By Jonathan Cable
LONDON (Reuters) - Sterling will recover some of its recent lost ground later this year, a Reuters poll found, but that optimism is threatened by uncertainty around Britain's upcoming referendum on whether to leave the European Union.
The pound is down around 4 percent against the dollar since the United States Federal Reserve raised interest rates for the first time in nearly a decade late last year and is currently trading around $1.45.
With diminishing prospects for a rate rise in Britain, the pound sank to a seven-year low of $1.4079 late last month. But the latest poll of more than 50 foreign exchange strategists taken this week suggested that weakness won't last.
Sterling will fall to $1.43 in a month and then to $1.42 in three but in a year's time it would be back at $1.47, the poll predicted. The latest forecasts are weaker than those taken a month ago.
Around three quarters of strategists who answered an extra question said risks to forecasts were to the downside ahead of a vote on whether Britain stays in the EU or chooses "Brexit".

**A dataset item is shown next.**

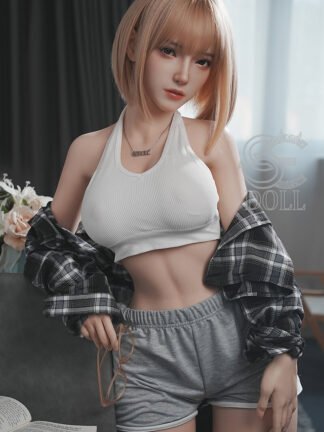 ตุ๊กตายางซิลิโคนทั้งตัว 161cm / 5ft3″ E-cup Bridget.A(Non ROS)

"Brexit is not in our central case. But if it looks like occurring, that could weigh on sterling," said Chris Hare at Investec.
Prime Minister David Cameron has promised a vote by the end of 2017 and the latest opinion polls have shown voters are almost evenly split.
Cameron said on Tuesday the vote could come within "a few months" if other EU countries back a series of proposed changes to the bloc which were announced earlier in the day.
Other strategists said the economy and monetary policy would be the deciding factor.
The Bank of England is now not expected to raise Bank Rate from its record low 0.5 percent until at least October as inflation holds stubbornly below the Bank's 2 percent target. [BOE/INT]
Sterling markets don't expect that to happen until 2018.
Last month's Reuters poll of economists also said Britain's economy would grow a steady 0.6 percent per quarter through to 2017.
Against the euro the pound is forecast to make steady gains. The European Central Bank is widely expected to loosen policy further when it meets next month as it fights its own battle to bring up desperately low inflation.
In a month, one euro will buy you 75.3 pence, in three months it will be worth 75.0p while in a year you would get just 71.4p, the poll found. It closed at 75.7p on Tuesday.